This week’s lazy Tory Party attack – Oxfam

There has been a bit of noise on social media to day about this poster produced by the anti-poverty charity Oxfam:


The Telegraph wrote up the story as “MPs shocked by ‘disgraceful’ political campaigning”. The poster coincides with the publishing, by Oxfam of this report called “Below the Breadline”. In it, it discusses poverty in the UK and the rise of food banks. The thing that seems to have irked the Tory Party though is Oxfam having the temerity to link food-bank usage with benefit sanctions, low wages and zero-hour contracts among other things. The Telegraph piece quotes three Tory MPs as criticising Oxfam and reprints a letter of complaint to the Charities Commission from one of the MPs. Conservative columnist for the Times Tim Montgomerie branded the recommendations in Oxfam’s report “socialist remedies”.

The report’s recommendations are in fact rather mild. It calls for an imposition of a living wage for all by 2020 (heaven forbid work should actually pay enough to live on), calls on the government to commission independent research into food bank usage (any responsible government should be doing this anyway), and to review the use of sanctions (which as Oxfam point out are a very inefficient way of achieving their stated aim of getting more people into work).

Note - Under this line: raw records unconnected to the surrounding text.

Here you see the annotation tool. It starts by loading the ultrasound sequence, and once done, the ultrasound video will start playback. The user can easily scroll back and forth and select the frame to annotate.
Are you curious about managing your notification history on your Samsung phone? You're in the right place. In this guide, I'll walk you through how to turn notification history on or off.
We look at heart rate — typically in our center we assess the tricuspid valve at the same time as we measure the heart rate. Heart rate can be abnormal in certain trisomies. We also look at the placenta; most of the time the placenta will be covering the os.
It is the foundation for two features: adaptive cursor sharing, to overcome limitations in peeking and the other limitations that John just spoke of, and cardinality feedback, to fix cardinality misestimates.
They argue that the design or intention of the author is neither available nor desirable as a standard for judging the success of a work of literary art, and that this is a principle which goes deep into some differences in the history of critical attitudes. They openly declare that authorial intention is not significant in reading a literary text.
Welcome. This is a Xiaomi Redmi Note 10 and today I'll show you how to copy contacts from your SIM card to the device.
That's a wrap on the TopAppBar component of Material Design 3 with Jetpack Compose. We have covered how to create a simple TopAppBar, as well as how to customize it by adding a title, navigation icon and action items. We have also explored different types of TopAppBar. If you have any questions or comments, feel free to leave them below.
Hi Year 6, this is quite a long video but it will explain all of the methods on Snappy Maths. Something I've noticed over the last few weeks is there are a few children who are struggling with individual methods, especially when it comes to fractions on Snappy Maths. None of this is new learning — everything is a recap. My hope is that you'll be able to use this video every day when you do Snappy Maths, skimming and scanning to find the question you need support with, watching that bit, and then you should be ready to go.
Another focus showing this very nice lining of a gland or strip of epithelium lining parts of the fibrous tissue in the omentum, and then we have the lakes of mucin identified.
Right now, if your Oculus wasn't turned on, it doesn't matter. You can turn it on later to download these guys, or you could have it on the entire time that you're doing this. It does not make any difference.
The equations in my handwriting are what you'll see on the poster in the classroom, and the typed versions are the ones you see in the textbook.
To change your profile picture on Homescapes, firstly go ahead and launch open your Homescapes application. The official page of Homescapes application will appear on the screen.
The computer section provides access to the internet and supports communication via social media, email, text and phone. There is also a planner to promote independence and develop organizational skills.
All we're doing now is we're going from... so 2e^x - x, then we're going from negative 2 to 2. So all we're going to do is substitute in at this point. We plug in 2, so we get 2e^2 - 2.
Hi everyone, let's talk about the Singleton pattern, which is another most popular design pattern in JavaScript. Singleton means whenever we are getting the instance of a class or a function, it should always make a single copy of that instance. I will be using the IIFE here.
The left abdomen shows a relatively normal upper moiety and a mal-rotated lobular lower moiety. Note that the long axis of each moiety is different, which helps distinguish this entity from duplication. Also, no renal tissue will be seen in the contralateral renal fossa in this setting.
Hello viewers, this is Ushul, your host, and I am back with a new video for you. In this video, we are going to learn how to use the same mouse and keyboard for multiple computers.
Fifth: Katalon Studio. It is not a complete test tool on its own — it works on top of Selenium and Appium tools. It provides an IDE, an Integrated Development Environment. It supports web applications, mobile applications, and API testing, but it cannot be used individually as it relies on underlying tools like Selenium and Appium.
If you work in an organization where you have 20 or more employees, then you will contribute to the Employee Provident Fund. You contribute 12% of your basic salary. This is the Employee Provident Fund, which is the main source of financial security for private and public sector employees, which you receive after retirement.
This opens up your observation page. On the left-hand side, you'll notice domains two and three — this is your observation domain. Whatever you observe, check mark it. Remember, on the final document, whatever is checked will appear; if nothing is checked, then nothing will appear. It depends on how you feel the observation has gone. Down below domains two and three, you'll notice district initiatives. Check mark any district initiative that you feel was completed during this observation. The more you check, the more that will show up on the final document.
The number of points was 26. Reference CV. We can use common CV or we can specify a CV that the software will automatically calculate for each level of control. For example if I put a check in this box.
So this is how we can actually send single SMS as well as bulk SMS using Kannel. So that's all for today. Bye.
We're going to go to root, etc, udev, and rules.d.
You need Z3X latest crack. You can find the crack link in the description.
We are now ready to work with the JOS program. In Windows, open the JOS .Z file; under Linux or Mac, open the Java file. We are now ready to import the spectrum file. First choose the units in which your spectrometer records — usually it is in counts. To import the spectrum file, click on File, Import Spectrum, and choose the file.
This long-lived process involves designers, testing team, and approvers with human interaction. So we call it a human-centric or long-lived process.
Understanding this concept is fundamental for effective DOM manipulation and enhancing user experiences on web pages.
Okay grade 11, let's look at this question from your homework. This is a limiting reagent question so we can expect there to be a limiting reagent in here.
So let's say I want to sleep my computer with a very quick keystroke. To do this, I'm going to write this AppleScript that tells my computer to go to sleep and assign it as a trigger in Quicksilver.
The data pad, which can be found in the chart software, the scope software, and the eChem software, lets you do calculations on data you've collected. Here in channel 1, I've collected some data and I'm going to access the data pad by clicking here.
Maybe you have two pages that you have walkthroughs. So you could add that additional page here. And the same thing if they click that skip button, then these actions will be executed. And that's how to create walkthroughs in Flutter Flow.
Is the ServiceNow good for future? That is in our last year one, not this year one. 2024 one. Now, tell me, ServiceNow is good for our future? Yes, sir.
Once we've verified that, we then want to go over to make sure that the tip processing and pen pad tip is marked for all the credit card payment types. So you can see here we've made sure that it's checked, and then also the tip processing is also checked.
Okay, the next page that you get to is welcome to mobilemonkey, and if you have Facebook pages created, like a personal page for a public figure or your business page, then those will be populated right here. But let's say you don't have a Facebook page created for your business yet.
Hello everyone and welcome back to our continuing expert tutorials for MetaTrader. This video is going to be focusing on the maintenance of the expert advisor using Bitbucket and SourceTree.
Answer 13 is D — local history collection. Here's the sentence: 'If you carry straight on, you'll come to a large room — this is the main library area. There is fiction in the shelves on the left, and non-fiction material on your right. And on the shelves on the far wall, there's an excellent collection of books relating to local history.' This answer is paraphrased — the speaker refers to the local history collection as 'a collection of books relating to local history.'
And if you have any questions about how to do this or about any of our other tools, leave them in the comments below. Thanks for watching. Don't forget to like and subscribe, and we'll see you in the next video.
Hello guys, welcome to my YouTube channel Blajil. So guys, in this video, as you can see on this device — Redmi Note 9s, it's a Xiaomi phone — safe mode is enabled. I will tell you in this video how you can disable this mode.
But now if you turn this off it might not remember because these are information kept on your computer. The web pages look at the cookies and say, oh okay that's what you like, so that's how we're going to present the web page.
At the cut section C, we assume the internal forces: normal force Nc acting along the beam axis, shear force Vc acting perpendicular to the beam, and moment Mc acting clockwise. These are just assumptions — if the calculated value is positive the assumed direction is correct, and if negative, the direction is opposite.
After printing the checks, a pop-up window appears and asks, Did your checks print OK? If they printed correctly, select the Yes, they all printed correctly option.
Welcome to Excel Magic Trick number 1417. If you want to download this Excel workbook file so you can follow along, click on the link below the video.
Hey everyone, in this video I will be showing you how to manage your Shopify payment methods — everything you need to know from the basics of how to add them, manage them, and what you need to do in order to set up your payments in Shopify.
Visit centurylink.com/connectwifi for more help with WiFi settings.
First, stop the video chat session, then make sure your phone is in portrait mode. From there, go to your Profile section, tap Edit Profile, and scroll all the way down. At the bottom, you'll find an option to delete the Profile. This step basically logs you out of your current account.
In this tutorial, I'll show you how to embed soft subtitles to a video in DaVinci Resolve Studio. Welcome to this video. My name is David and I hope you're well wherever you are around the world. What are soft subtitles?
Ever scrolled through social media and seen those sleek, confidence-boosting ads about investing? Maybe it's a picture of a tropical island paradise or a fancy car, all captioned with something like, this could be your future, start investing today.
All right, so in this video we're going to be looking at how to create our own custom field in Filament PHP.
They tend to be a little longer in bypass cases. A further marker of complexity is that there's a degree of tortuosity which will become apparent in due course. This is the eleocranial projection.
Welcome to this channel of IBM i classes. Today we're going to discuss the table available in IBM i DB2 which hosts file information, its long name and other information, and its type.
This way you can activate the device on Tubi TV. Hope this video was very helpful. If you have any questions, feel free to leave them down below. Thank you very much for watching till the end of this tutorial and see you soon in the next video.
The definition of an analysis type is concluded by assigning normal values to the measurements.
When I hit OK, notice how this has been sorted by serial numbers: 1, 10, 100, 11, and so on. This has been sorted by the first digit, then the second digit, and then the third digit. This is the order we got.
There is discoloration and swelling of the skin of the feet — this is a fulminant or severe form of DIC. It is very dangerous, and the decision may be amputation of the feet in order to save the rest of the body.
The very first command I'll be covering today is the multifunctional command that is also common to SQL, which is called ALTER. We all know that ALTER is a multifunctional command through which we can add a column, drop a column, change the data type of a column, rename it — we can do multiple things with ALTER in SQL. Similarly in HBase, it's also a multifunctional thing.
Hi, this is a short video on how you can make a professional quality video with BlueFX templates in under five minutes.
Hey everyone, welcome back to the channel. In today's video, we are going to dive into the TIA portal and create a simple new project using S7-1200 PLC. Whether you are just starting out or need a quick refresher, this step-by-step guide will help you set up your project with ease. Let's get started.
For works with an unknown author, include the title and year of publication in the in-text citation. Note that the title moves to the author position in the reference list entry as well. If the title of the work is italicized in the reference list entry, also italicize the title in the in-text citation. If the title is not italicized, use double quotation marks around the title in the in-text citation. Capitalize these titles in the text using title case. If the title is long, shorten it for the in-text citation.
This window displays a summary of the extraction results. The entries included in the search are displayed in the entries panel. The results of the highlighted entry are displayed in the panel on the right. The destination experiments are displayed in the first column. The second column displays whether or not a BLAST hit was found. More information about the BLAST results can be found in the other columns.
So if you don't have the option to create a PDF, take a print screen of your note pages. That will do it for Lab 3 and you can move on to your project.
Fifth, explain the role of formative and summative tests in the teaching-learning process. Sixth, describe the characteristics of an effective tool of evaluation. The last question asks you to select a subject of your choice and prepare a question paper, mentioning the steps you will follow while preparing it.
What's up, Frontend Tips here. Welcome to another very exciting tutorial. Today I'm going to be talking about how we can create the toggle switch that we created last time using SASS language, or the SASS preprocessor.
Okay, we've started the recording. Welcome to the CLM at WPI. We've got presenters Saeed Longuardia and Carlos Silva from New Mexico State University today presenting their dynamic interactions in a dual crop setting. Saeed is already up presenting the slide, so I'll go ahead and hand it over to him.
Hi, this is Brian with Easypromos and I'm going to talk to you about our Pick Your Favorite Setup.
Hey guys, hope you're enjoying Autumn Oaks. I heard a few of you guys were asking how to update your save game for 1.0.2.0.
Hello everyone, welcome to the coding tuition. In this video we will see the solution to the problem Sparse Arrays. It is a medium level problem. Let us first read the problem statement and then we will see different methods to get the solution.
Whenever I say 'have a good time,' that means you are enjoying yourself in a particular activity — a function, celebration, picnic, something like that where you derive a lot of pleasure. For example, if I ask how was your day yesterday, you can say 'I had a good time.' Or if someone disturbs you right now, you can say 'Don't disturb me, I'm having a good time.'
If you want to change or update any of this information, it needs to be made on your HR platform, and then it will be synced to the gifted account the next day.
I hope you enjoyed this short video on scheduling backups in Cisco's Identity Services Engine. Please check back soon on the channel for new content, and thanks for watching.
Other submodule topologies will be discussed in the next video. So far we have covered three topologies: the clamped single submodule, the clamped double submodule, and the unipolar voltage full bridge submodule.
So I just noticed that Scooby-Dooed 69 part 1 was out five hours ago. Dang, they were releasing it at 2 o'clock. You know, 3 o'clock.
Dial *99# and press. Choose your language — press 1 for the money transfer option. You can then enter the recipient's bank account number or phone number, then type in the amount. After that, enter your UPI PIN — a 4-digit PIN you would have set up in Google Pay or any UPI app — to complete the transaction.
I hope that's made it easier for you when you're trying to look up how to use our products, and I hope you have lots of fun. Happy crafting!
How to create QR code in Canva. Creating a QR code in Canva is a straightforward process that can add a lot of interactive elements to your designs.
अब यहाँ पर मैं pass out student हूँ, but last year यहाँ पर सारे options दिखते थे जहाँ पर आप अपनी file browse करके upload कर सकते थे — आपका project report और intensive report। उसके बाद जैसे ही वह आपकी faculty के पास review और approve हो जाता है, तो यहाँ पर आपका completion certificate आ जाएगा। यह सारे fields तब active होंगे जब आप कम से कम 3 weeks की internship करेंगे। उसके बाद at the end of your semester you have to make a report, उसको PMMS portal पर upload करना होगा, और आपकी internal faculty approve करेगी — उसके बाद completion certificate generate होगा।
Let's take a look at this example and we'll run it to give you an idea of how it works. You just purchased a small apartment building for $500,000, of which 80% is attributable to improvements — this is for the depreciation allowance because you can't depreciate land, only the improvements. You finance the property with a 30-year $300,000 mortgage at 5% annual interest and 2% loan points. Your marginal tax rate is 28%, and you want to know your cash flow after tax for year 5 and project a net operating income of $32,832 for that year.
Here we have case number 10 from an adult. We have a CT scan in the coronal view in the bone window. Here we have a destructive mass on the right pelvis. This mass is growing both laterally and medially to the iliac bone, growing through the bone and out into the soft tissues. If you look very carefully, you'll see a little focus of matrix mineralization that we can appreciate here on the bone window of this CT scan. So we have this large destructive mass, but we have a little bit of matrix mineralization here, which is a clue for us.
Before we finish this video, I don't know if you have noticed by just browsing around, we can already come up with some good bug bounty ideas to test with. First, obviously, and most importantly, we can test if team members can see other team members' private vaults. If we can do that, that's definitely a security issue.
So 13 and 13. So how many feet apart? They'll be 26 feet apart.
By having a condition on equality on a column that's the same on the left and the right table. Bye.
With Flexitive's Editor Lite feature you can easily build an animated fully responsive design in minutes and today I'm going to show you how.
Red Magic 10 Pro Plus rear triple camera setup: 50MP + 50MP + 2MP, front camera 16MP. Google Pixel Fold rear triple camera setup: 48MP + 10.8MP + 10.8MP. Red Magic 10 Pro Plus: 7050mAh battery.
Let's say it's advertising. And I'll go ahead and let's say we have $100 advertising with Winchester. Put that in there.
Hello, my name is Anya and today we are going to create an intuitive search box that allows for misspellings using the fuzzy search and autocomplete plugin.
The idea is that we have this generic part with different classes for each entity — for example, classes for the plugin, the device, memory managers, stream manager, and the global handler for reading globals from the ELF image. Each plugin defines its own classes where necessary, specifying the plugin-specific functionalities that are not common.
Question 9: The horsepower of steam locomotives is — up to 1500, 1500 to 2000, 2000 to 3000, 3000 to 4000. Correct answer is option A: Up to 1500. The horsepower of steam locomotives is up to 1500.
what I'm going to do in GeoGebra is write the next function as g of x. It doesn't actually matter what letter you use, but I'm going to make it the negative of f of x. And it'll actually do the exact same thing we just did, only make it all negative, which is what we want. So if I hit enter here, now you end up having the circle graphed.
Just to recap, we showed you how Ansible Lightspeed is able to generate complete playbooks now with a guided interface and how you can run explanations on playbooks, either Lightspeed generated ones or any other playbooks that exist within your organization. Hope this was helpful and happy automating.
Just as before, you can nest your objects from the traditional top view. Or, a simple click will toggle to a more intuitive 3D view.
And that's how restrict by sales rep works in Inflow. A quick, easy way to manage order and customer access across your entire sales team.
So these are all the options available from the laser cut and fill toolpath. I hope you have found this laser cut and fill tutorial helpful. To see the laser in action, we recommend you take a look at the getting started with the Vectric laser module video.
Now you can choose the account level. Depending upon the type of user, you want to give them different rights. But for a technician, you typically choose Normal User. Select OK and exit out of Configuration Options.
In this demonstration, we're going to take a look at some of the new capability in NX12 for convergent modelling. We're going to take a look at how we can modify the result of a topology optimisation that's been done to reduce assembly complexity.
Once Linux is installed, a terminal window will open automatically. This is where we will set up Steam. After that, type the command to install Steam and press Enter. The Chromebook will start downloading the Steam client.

The response from the Tory Party follows a very well-worn path. The recurring strategy is, if someone disagrees with you, don’t try to argue your case, just try to smear the person or organisation making the attack – say they’re ‘socialist’, ‘stalinist’ or just ‘politically motivated’.

How should anti-poverty charity campaign without ever mentioning what they feel are the route causes of that poverty?



10 thoughts on “This week’s lazy Tory Party attack – Oxfam

  1. Reblogged this on Vox Political and commented:
    “The recurring [Tory] strategy is, if someone disagrees with you, don’t try to argue your case, just try to smear the person or organisation making the attack – say they’re ‘socialist’, ‘stalinist’ or just ‘politically motivated’.”
    Let’s all watch Iain Duncan Smith doing that on Question Time on Thursday, as a living example.

  2. The best way for government to deal with charities is to put them out of business – by successfully addressing the problem the charity was setup to deal with.

    Oxfam are no saints – they use chuggers to harass people like the rest of the corporate charities – but in this case they are spot on with their analysis.

  3. Good poster. Spot on – but I hope this is just posters for their windows. How much should they be spending on advertising? Apart from talking about the problem ( like Shelter) are Oxfam doing anything to help? Honest question. I don’t know. Do Oxfam run any food banks or otherwise contribute?

    1. Running food banks and ‘contributing’ just helps to mask the problem and kick the can forward. The problem of persistent unemployment and homelessness can only be solved by direct government action. That is what we empower government to do, and it should get on and do it.

      1. Agreed. But what is disgusting, here and in the US is the deliberate vilification of the poor and bureaucratic persecution of those trying to help them. Laissez-faire govt over issues that affect many of us is one thing, but their zealous activism against people trying to help the problems which they deliberately caused is nauseating. It is like being ruled by gutter-scum with values straight out of the sewer, set on sabotaging everything in the country that works and crushing everyone into the gutter ( while emptying your pockets in the process). We are not being governed. We are being sabotaged by traitors.